EXERCISE
Take the lines below beginning at the line that has "Vente maison 7" and stopping after the line that has "QuickSilver Auskleidung, Nüssli", and print them exactly as they are, with no other lines.

Collected data
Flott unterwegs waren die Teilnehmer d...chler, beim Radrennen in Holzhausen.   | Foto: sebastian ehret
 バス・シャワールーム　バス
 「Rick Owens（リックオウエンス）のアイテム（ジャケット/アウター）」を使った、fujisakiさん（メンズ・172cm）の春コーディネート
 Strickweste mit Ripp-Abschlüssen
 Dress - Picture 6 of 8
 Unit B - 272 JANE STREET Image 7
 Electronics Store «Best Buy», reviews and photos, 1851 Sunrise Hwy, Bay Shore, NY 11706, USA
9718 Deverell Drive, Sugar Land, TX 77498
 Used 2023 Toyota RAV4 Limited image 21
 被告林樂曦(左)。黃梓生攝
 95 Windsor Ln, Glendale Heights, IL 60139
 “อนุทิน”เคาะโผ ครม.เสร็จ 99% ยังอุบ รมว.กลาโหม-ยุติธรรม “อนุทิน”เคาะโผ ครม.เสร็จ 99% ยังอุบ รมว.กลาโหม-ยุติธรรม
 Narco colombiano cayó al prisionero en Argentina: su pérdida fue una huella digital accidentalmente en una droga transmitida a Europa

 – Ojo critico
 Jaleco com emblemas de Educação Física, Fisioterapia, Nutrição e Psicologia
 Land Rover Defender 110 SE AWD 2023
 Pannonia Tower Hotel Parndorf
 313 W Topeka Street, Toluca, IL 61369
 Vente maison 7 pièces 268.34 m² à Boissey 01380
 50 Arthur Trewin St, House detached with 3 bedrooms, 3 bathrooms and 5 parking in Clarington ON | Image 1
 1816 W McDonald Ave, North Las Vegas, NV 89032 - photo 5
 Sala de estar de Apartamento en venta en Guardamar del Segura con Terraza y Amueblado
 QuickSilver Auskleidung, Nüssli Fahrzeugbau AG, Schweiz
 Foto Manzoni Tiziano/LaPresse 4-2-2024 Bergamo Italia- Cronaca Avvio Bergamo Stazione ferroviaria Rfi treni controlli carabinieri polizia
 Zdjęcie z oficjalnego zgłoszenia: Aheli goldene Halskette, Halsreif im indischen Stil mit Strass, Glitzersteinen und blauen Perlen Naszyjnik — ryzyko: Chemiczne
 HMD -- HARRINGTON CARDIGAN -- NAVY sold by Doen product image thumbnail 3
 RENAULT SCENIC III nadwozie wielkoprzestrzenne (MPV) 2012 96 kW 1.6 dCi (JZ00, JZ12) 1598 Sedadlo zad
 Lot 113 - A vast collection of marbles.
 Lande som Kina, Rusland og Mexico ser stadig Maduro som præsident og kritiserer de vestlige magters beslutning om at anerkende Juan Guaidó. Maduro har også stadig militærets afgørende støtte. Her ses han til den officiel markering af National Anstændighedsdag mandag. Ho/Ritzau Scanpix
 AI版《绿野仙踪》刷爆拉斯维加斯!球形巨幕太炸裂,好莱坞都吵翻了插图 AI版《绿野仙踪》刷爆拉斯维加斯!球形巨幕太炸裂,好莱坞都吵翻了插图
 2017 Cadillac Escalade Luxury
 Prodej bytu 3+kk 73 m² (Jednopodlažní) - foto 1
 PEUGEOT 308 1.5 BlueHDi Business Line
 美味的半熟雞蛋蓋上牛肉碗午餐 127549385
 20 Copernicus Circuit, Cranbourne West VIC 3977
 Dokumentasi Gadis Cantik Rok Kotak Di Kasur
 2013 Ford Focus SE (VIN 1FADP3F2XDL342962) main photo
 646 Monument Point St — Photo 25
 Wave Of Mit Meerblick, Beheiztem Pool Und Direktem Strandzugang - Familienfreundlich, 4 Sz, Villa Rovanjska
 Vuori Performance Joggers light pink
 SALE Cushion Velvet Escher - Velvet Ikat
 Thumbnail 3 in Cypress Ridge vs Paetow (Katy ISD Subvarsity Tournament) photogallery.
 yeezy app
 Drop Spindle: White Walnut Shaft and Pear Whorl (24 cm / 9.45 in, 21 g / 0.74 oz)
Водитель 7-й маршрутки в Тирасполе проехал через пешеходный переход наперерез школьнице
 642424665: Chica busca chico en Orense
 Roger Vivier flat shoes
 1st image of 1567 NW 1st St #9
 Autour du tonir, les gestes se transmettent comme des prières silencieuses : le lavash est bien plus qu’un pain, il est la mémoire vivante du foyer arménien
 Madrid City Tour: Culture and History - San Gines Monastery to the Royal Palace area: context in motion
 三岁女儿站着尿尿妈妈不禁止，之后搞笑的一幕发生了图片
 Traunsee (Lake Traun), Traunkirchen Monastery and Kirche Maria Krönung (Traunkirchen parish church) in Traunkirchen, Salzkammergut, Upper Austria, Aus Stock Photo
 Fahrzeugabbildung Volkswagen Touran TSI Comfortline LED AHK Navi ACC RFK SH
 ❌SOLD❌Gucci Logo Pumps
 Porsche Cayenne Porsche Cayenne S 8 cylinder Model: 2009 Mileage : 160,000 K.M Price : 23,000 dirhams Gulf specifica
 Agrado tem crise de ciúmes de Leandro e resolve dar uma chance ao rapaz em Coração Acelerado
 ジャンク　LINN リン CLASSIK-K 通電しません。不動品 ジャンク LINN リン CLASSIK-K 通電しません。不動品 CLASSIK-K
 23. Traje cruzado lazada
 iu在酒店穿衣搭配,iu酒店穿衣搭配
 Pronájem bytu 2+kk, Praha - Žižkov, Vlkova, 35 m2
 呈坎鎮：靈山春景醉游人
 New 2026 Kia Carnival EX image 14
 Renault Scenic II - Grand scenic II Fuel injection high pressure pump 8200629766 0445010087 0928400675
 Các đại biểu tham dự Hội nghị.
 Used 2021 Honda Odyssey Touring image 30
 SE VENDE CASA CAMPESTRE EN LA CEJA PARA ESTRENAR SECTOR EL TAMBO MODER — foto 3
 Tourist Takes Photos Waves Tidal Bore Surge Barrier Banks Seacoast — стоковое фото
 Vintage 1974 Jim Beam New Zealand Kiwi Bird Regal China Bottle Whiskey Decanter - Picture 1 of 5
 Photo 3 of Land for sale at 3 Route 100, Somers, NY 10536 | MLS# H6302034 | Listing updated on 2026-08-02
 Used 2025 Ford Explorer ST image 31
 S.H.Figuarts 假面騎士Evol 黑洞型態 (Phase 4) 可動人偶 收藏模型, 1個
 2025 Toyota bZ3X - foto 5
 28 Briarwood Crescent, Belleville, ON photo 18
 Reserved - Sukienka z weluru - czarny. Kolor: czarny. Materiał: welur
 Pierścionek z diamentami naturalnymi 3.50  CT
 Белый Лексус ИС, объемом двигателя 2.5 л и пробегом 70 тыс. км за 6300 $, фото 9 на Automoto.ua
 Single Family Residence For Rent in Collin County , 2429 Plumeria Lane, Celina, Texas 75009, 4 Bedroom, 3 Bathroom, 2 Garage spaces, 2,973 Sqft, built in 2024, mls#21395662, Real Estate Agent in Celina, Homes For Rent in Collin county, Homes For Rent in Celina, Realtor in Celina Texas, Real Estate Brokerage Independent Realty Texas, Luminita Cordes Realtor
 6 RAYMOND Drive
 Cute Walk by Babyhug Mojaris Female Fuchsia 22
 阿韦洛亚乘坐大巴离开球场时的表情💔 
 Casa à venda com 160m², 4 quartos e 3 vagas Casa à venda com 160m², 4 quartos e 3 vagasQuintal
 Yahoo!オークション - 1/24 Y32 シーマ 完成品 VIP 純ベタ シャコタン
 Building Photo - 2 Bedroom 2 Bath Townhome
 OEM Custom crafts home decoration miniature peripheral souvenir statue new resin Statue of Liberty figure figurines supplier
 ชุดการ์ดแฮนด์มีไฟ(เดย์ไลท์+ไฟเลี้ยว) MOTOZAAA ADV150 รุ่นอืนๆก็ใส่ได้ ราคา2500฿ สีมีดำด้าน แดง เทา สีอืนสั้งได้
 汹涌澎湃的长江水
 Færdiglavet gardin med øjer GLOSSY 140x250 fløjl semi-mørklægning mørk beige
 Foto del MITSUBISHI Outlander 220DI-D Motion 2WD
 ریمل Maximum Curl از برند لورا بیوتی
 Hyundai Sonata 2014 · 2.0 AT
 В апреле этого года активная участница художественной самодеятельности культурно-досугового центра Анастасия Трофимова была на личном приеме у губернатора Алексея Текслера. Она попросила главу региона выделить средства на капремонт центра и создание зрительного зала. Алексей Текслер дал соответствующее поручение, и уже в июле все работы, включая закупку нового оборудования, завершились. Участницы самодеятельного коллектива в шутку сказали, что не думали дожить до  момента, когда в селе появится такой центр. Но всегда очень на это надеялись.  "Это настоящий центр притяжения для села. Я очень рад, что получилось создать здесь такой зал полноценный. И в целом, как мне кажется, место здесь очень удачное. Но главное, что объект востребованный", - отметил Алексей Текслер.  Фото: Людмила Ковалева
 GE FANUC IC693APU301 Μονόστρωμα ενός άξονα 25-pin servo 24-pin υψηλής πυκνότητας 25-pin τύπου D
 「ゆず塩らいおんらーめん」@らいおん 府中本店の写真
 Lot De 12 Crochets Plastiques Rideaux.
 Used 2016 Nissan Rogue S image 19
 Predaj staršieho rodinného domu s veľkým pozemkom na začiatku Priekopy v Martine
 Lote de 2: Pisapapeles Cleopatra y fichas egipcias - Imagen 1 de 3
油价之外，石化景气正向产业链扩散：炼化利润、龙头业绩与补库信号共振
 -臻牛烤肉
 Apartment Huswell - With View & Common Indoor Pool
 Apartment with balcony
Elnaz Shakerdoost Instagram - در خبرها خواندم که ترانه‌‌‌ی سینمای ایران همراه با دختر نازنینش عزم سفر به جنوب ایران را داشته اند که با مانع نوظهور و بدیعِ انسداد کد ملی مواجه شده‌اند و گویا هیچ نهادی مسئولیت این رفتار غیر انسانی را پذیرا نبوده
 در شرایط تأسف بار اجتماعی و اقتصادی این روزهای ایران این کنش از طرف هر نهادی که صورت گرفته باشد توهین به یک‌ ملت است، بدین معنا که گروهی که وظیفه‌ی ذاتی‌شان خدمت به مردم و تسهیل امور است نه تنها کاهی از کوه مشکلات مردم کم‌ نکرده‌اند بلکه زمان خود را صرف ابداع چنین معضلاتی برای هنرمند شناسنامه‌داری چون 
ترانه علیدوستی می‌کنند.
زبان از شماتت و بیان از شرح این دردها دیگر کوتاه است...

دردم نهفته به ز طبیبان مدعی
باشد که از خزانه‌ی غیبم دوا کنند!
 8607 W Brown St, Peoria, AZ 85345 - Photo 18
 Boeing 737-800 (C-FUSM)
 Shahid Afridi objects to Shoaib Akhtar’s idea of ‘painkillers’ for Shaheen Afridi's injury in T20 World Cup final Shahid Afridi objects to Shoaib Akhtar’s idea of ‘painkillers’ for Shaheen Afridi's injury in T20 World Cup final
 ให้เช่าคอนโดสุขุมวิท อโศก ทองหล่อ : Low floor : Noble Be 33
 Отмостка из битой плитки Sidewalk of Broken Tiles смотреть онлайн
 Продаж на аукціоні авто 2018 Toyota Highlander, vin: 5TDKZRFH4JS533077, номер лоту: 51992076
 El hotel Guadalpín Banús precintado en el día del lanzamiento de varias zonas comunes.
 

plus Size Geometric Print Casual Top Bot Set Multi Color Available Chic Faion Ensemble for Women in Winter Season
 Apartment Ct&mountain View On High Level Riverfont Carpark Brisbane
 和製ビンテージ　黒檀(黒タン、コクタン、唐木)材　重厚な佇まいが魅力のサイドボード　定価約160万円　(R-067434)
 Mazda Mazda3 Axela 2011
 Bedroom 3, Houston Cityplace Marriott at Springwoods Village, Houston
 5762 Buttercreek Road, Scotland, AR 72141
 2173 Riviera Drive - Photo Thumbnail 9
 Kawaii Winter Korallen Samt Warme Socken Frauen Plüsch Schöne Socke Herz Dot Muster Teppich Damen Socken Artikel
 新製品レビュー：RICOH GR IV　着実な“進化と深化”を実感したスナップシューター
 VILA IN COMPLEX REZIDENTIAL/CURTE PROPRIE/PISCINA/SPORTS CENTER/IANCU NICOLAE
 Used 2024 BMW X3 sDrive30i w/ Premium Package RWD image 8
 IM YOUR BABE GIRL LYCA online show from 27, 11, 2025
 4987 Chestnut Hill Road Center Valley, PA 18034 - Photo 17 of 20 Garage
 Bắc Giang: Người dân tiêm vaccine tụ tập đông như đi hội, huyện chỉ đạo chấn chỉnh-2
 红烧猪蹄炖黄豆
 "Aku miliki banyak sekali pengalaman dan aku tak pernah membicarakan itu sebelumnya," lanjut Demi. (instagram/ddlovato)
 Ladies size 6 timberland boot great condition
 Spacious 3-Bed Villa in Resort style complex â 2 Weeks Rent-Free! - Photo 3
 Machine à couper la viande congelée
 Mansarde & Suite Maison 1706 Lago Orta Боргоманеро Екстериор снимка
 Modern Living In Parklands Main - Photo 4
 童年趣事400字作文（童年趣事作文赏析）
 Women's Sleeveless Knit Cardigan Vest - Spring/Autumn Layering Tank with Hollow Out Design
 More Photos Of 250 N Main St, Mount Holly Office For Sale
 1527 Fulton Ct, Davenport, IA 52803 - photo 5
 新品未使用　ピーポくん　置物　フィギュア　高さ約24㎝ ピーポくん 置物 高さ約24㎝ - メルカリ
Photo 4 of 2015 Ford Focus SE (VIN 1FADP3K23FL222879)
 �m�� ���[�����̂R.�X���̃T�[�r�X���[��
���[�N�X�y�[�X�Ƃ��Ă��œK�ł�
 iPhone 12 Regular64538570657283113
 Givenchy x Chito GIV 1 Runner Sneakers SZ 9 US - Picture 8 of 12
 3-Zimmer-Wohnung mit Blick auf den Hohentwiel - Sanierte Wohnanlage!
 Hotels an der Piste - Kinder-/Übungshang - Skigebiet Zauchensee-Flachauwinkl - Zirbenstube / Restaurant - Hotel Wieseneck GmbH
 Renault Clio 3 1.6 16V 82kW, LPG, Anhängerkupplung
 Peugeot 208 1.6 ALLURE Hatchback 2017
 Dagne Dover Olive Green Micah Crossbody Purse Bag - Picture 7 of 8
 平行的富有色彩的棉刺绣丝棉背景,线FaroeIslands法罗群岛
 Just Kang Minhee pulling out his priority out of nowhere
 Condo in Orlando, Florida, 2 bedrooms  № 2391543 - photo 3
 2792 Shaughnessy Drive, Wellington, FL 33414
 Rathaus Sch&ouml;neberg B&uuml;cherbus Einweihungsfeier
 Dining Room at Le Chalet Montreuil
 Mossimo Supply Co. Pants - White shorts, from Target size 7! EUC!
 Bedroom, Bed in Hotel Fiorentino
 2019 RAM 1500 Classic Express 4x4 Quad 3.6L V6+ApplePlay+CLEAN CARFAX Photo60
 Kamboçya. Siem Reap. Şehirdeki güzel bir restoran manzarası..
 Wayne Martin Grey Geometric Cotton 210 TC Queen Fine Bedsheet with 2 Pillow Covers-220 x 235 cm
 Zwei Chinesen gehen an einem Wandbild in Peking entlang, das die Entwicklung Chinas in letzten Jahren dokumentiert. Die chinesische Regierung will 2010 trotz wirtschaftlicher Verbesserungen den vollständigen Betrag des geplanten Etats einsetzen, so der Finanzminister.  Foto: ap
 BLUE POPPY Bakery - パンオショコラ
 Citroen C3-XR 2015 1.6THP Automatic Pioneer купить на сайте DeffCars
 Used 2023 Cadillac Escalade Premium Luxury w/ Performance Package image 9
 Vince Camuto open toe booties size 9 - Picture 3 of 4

WRITTEN SOLUTION
 Vente maison 7 pièces 268.34 m² à Boissey 01380
 50 Arthur Trewin St, House detached with 3 bedrooms, 3 bathrooms and 5 parking in Clarington ON | Image 1
 1816 W McDonald Ave, North Las Vegas, NV 89032 - photo 5
 Sala de estar de Apartamento en venta en Guardamar del Segura con Terraza y Amueblado
 QuickSilver Auskleidung, Nüssli Fahrzeugbau AG, Schweiz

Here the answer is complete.